Above all else, beginners to bridge need clarity and consistency. Furthermore, they need a body of examples that conform accurately to the system they are learning. Unfortunately, the changes have spoiled the book in these respects.
Opening 1NT with a 5 card major. The new version instructs opening 1NT with ALL balanced hands, including those with a 5 card major (p.26). Yet the examples contradict this (see p.45, Hand 1; p. 51, Hand 1; p. 52 Hand 7 – in this last the contradiction is explicit). It is also explicitly contradicted by the advice on p. 116 and the reference to 5 card minors on p.153 is wrong. A similar problem arises with changing the requirement for a 1NT overcall to 15-17 from 16-18. Now East’s hand in Example 4 on p. 110 is no longer a “minimum” 1NT overcall. I am not just complaining about the lack of revision of some of the examples. There is a vast store of hands and articles (including Sally Brock’s), on the EBED site and elsewhere and also the excellent No Fear Bridge, all using the previous scheme. Even if this small tinkering with the system had some advantages (though on the whole we think the opposite) it cannot be worth the disadvantage of sowing doubt and uncertainty when learners access the available body of examples.

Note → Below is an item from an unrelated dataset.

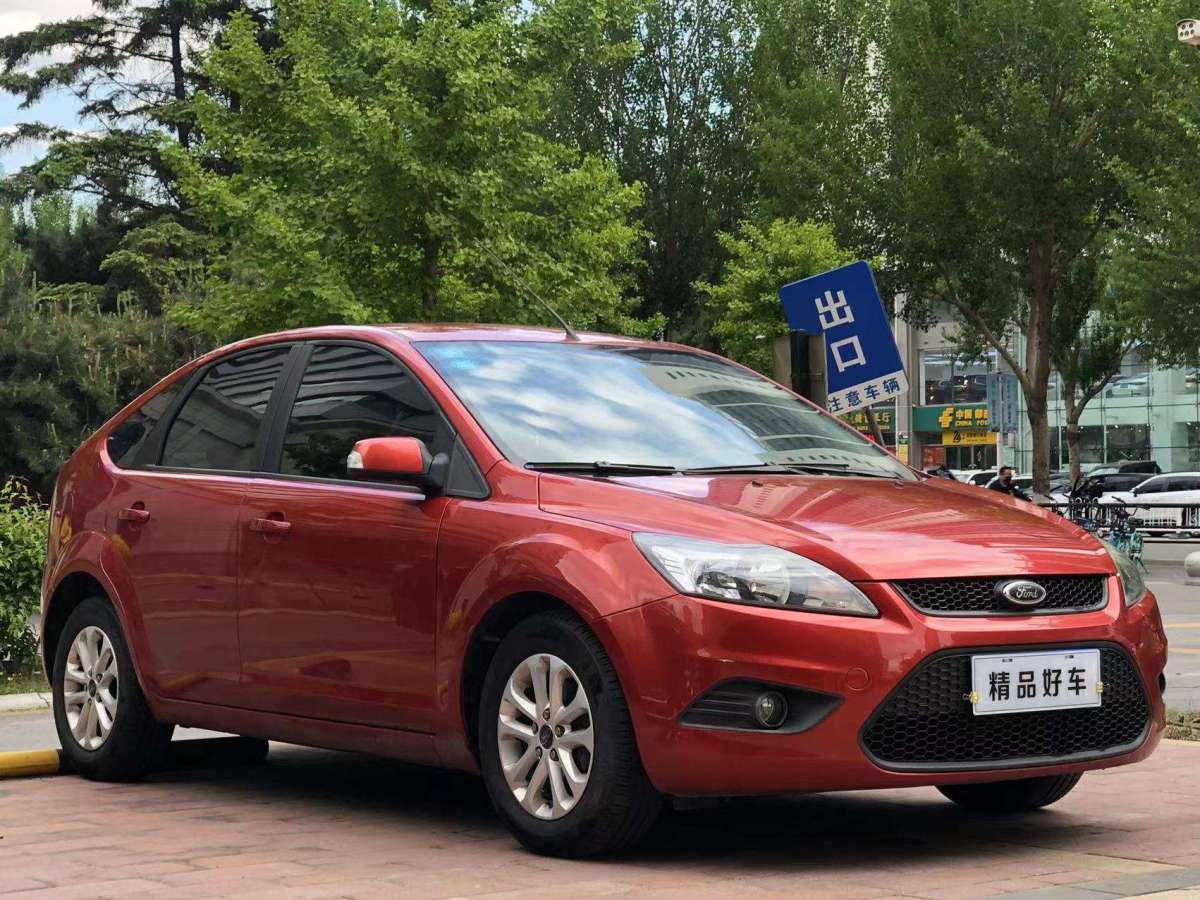 福特 福克斯 2013款 兩廂經典 1.8l 手動基本型圖片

The new Chapter 7 is now very confusing for learners. To try to teach both strong and weak 2 bids to beginners is a total fiasco. The book has to get off the fence and teach one or the other. If there is a demand for both to be included, they should be in quite separate independent alternative sections. To tell beginners learning weak 2’s to use strong 2’s in fourth position is a disaster.
The altering of the order of topics without making appropriate changes in the text is unfortunate. This is mainly the case with Stayman. Telling learners to use Stayman over an opening 2NT and even including examples (pp.115, 122 and 125) cannot come before the chapter on Stayman. Also, logically, pre-emptive bidding should come just after competitive bidding when the learners can see how effective it can be in hands where otherwise good contracts are easily reached. Certainly, if the weak 2 option is taught, it does not help to be told that a weak 2 is a ”mini pre-empt” (p. 120) if this comes before the chapter on pre-empts.
I feel that the revision has not been properly thought out and certainly the changes have not been followed through. Tarting it up with graphics of post-it notes does not compensate.